Instructions for the task: Print the first line of the records below and every line after it, up to and including the line with "伙力专车司机端app最新版下载". Print nothing else.

Extracted material:

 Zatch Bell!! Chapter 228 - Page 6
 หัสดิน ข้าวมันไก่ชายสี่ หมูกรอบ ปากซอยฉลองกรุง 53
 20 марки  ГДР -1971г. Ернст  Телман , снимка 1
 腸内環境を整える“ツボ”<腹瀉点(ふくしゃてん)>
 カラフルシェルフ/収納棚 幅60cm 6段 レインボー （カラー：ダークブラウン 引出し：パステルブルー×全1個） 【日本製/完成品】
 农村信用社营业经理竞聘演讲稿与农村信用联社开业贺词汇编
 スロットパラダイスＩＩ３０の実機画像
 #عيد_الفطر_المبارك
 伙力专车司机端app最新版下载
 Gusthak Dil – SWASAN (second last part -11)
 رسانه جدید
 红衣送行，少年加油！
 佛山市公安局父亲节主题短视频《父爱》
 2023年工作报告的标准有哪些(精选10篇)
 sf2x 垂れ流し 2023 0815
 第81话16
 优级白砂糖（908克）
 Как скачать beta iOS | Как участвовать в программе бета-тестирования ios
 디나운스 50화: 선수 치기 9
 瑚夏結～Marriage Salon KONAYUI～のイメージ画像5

Result of this exercise:
 Zatch Bell!! Chapter 228 - Page 6
 หัสดิน ข้าวมันไก่ชายสี่ หมูกรอบ ปากซอยฉลองกรุง 53
 20 марки  ГДР -1971г. Ернст  Телман , снимка 1
 腸内環境を整える“ツボ”<腹瀉点(ふくしゃてん)>
 カラフルシェルフ/収納棚 幅60cm 6段 レインボー （カラー：ダークブラウン 引出し：パステルブルー×全1個） 【日本製/完成品】
 农村信用社营业经理竞聘演讲稿与农村信用联社开业贺词汇编
 スロットパラダイスＩＩ３０の実機画像
 #عيد_الفطر_المبارك
 伙力专车司机端app最新版下载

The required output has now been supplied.